Hey, I have a hen named Indy. I forgot what breed she is. I want to say Red Star Sex Link, but that's another one of our hens. We have a flock of 10, no 2 or more are the same breed. Unless Murdoch's lied. ANYWAY, she is shedding her neck feathers and I do not believe it is molting season. And I found an egg that I think is hers... It is a brown/tan egg with dark brown speckles on it. Normal. But it was tall and thin and had tiny weird wrinkles in one of its sides (hard to tell what one side would be.

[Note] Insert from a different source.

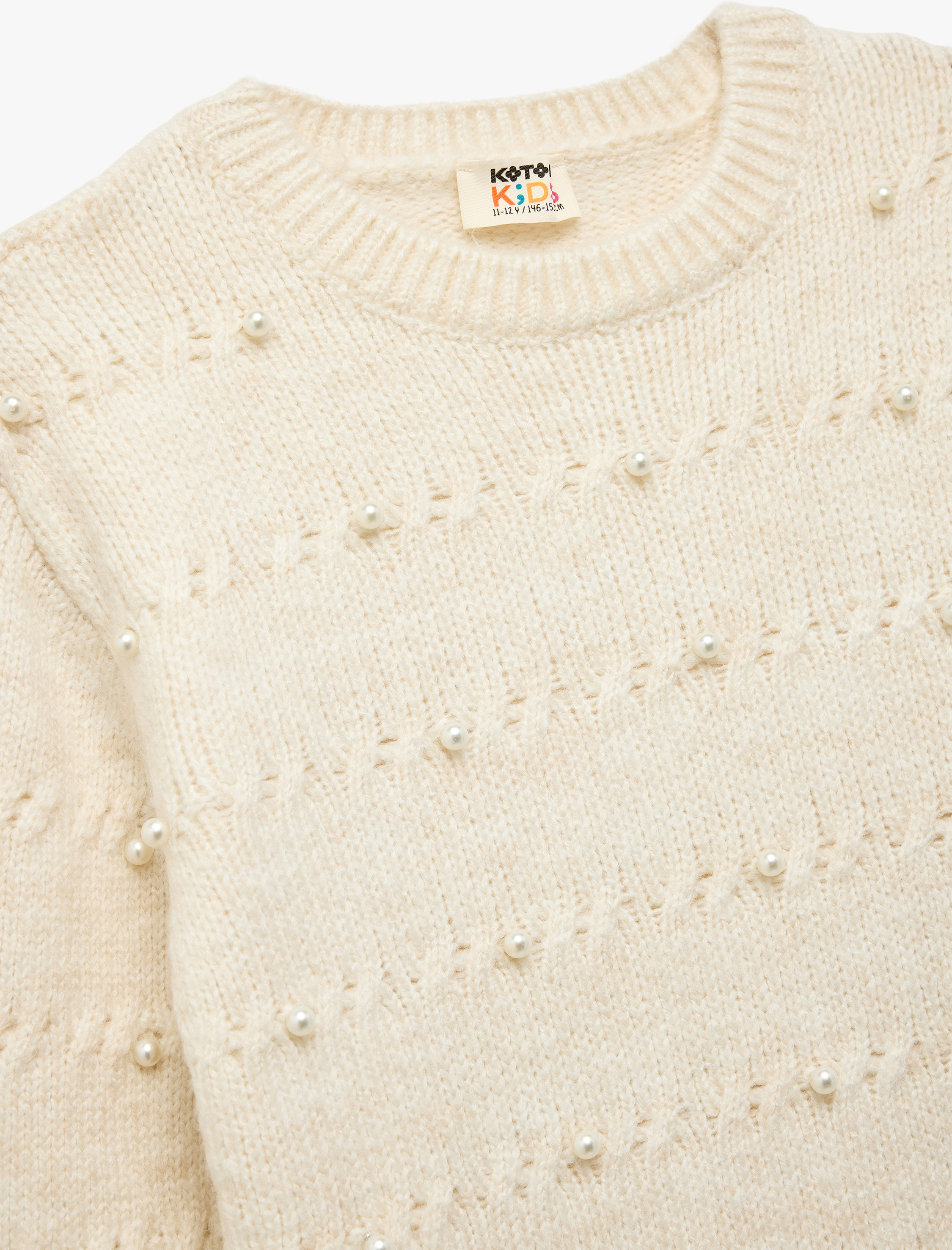  Kız Çocuk Uzun Kollu Bisiklet Yaka Boncuk Detaylı Triko Kazak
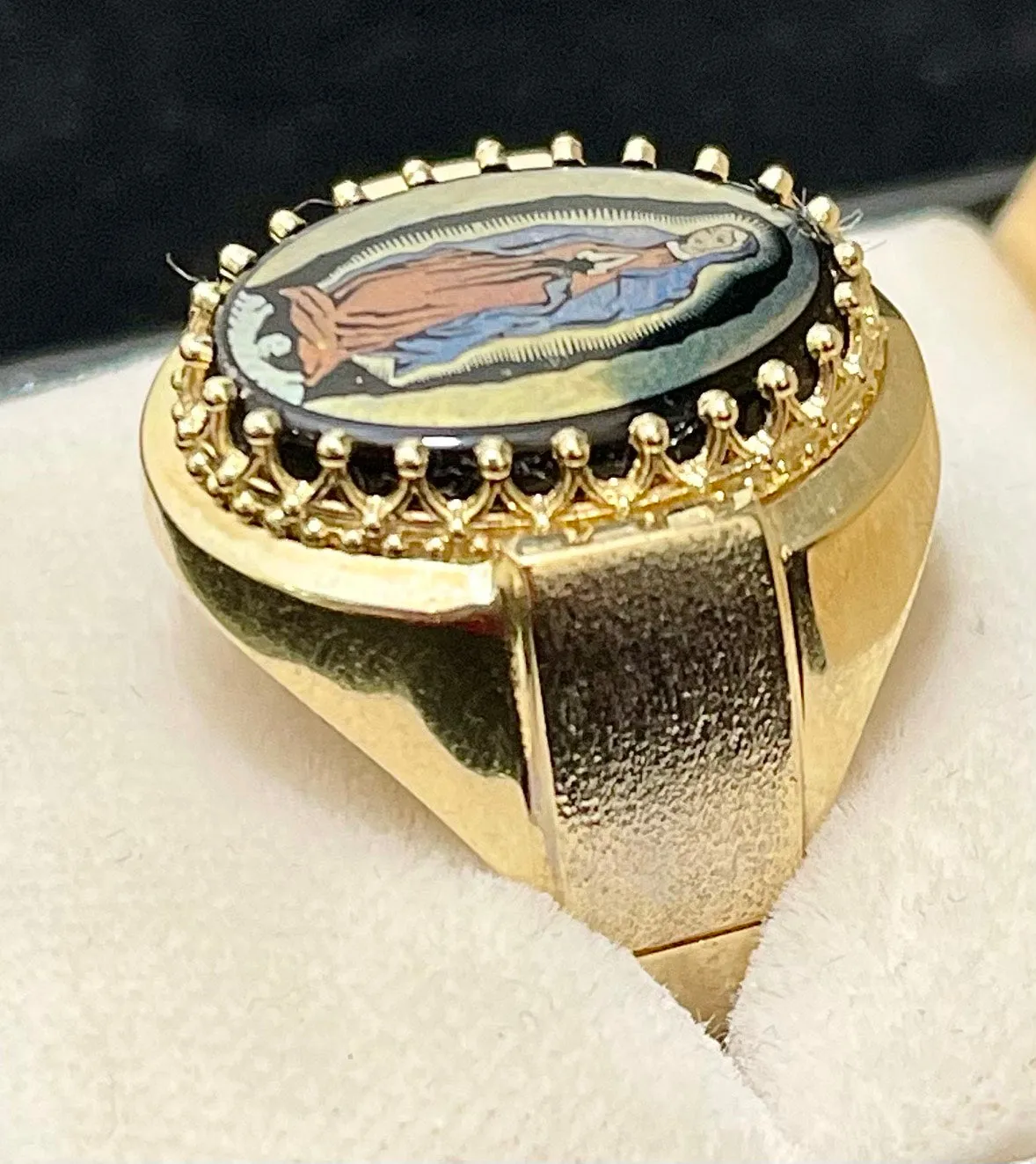 1940s Mother Mary image Hand-pained on Onyx stone SYG Ring - $6K APR Value w/CoA!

As unusual as this egg is, it is still round on the sides.) Are there any chicken people who would know what this all is?


----------



## Beekissed (Jul 25, 2019)

MiniGoatsRule said:


> Hey, I have a hen named Indy. I forgot what breed she is. I want to say Red Star Sex Link, but that's another one of our hens. We have a flock of 10, no 2 or more are the same breed. Unless Murdoch's lied. ANYWAY, she is shedding her neck feathers and I do not believe it is molting season. And I found an egg that I think is hers... It is a brown/tan egg with dark brown speckles on it. Normal. But it was tall and thin and had tiny weird wrinkles in one of its sides (hard to tell what one side would be. As unusual as this egg is, it is still round on the sides.) Are there any chicken people who would know what this all is?

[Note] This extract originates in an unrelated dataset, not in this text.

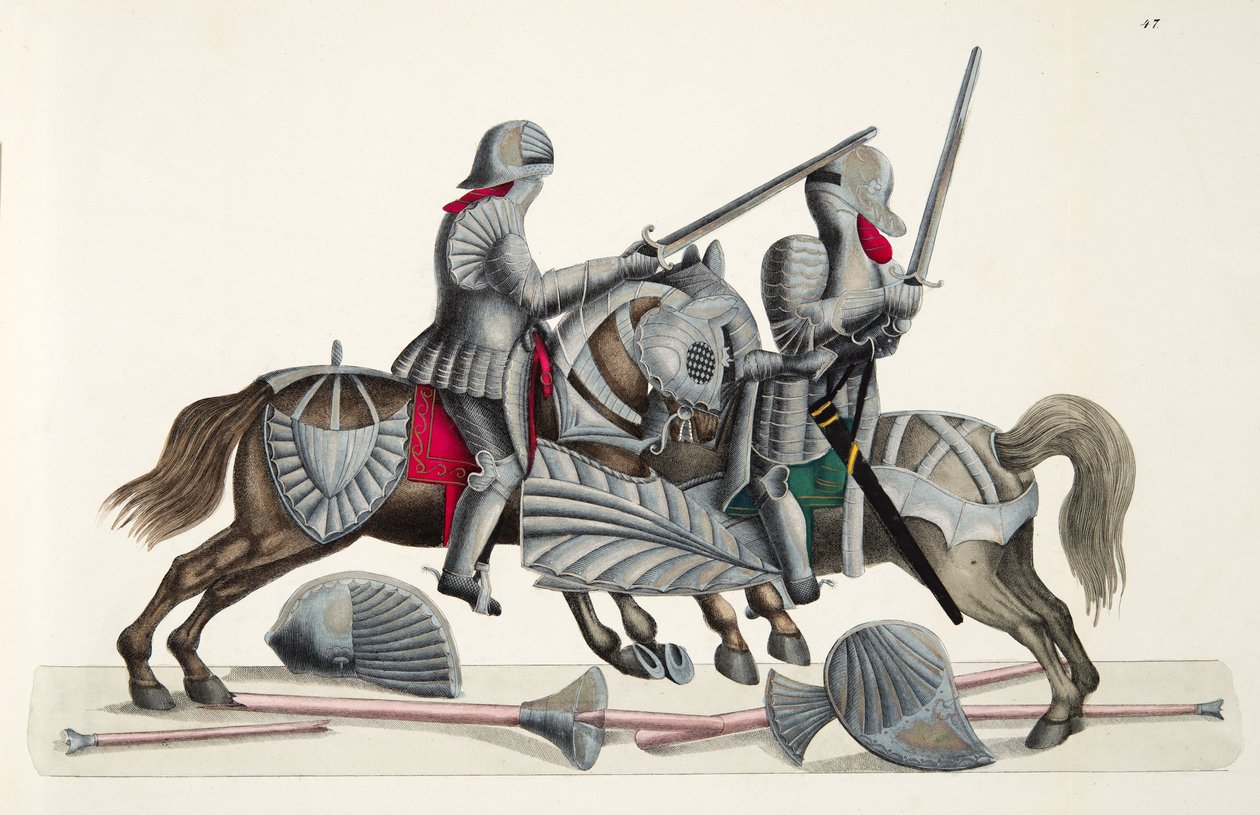 Two knights at a tournament, plate from 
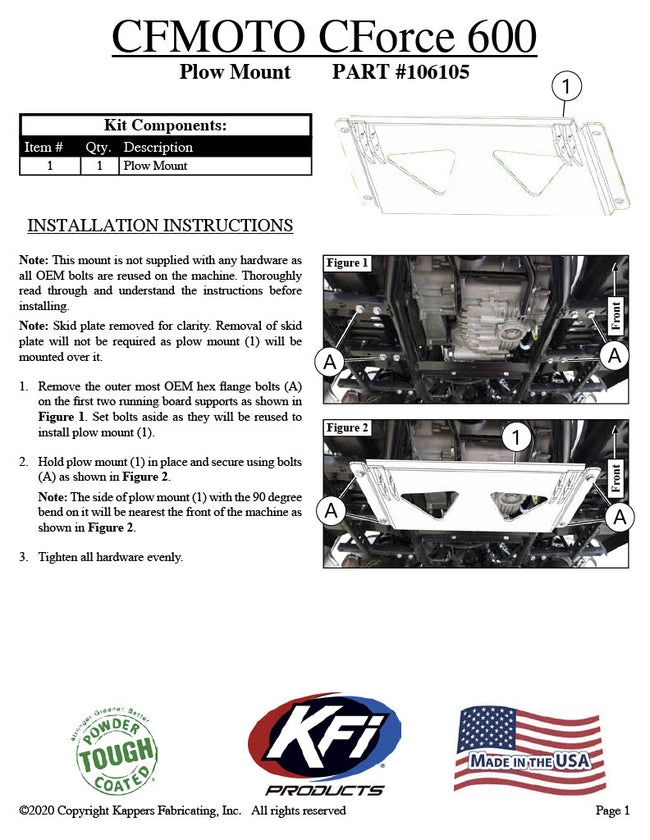 CF-Moto CForce 600 S / L - 2019-2024  ATV    KFI Plow Mount 106105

Yep, it's molting season and you'll get all kinds of weird shell happenings during molting season as hormones change and nutrition is placed towards new feather growth instead of egg production.   You'll see thin shells, eggs that have broken in the nest and eaten by a chicken(this does not mean you have an "egg eater" problem, it merely means a chicken cleaned up a mess), discolored or disfigured shells, etc.  Then, you'll start to notice less eggs in the nest altogether, which doesn't mean they or anything else are eating them, it merely means they are molting and all their nutrition is going towards feather growth.


----------



## MiniGoatsRule (Jul 26, 2019)

OHHHHHHHHH! It is only happening to her, and the molting is happening to our Barred Rock, Pearl. Maybe they are just early? I haven't had the egg thing happen before...


----------



## Beekissed (Jul 26, 2019)

MiniGoatsRule said:


> OHHHHHHHHH! It is only happening to her, and the molting is happening to our Barred Rock, Pearl. Maybe they are just early? I haven't had the egg thing happen before...



No, not really early...tis the season.  My flock all molt at different start points and rates.  Some don't molt until much later, some in July and some, after being broody, were molting in June.


----------